## Exercise details
A single number is needed: how many lines of the data hold the word "shoes".

## Records for this exercise
^^^^^^^^^^^^^^^^
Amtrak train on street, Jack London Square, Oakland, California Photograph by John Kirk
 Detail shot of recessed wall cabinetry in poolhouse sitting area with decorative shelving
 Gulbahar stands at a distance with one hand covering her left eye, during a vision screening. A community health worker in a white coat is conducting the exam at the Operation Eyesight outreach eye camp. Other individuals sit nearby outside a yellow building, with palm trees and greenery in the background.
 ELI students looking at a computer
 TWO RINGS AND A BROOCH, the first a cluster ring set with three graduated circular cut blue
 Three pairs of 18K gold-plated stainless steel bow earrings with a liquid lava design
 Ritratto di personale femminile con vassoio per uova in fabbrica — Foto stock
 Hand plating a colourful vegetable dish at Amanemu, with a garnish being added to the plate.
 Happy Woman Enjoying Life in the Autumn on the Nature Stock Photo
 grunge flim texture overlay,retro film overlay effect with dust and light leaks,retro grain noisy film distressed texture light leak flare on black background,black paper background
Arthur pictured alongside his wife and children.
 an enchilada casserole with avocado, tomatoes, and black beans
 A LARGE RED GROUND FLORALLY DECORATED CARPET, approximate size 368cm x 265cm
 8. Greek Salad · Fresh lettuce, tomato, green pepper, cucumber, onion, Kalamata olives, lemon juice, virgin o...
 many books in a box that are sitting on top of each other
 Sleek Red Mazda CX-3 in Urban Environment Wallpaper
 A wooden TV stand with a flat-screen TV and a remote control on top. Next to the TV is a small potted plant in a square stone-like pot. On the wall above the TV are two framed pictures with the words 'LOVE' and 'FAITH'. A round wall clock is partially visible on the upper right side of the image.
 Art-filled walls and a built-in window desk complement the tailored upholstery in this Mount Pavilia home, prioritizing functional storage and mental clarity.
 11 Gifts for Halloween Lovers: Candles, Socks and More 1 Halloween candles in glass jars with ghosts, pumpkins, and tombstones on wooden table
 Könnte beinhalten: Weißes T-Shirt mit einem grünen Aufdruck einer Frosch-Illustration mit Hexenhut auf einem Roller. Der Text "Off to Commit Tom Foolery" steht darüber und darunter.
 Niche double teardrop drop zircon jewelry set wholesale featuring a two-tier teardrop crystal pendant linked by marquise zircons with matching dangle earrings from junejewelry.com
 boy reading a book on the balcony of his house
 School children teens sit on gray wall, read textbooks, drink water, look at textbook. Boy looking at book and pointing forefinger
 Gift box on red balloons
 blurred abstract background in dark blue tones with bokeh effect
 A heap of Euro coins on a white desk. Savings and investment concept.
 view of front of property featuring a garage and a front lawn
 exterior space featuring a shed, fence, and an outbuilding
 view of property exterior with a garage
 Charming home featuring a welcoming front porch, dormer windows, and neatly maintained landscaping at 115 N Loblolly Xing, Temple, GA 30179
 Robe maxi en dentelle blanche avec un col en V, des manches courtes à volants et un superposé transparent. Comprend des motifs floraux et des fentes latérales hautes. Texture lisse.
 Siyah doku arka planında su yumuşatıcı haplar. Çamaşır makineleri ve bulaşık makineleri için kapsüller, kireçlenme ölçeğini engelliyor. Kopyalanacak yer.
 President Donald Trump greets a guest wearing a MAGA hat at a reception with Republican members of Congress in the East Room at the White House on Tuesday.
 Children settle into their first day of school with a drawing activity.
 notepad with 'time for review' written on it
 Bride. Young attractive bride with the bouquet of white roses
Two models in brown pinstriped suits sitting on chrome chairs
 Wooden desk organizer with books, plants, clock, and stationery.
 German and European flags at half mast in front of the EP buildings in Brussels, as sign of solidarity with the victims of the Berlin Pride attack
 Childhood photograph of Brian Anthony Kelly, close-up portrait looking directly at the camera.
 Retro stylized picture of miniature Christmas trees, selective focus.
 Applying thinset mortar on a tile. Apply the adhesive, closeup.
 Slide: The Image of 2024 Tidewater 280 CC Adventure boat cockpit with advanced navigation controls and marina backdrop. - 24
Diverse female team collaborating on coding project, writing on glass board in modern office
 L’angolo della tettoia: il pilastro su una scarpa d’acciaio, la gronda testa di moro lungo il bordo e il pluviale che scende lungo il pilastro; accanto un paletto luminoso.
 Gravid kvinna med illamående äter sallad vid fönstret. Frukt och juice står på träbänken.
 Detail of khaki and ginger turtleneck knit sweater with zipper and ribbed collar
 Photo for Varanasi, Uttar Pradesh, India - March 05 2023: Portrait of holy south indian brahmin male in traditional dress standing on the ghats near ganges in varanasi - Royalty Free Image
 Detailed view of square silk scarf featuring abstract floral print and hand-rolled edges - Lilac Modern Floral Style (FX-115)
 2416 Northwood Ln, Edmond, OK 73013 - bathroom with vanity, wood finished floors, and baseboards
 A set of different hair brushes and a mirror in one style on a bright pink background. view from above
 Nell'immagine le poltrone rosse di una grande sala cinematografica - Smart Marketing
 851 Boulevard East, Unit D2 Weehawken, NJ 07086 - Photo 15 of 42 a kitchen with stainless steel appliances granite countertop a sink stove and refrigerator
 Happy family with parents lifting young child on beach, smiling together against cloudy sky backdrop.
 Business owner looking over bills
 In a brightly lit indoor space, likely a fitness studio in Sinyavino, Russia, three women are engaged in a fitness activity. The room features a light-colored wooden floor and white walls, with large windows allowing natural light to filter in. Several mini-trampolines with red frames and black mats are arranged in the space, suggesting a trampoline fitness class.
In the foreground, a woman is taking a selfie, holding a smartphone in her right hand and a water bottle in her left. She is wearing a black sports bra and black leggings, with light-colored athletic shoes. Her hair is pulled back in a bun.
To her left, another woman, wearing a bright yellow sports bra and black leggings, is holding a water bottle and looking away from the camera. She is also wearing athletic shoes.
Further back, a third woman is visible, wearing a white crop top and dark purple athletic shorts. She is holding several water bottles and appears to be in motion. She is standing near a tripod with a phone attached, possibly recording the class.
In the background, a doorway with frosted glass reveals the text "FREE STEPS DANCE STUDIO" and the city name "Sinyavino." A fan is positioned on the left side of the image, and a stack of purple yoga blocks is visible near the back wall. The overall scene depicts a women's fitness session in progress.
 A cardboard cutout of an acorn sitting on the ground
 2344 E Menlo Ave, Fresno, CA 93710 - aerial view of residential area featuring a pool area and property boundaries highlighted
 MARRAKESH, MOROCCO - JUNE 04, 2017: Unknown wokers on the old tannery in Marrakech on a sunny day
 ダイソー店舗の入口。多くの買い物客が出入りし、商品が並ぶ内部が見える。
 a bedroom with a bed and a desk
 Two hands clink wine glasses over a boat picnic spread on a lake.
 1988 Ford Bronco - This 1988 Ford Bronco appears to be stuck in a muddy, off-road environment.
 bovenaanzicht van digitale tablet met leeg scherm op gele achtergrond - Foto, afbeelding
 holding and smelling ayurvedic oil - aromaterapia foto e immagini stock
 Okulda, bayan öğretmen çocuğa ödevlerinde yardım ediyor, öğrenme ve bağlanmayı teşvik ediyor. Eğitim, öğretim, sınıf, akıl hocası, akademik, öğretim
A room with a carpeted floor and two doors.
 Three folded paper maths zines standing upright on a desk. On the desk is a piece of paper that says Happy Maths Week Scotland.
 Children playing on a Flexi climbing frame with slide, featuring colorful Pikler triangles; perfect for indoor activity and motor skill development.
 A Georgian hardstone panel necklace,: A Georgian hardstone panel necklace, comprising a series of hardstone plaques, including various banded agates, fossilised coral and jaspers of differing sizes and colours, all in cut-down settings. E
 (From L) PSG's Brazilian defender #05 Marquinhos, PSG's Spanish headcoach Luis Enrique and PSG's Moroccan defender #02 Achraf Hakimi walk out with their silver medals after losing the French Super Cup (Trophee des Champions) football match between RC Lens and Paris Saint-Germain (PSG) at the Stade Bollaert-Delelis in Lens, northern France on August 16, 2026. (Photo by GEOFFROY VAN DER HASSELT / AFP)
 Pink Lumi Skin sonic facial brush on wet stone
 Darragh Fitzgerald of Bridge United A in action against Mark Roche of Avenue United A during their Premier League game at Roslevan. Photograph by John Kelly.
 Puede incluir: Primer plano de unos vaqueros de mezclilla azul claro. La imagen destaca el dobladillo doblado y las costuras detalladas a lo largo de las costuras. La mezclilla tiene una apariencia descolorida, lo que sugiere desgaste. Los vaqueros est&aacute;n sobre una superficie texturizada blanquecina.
^^^^^^^^^^^^^^^^
## Output below
2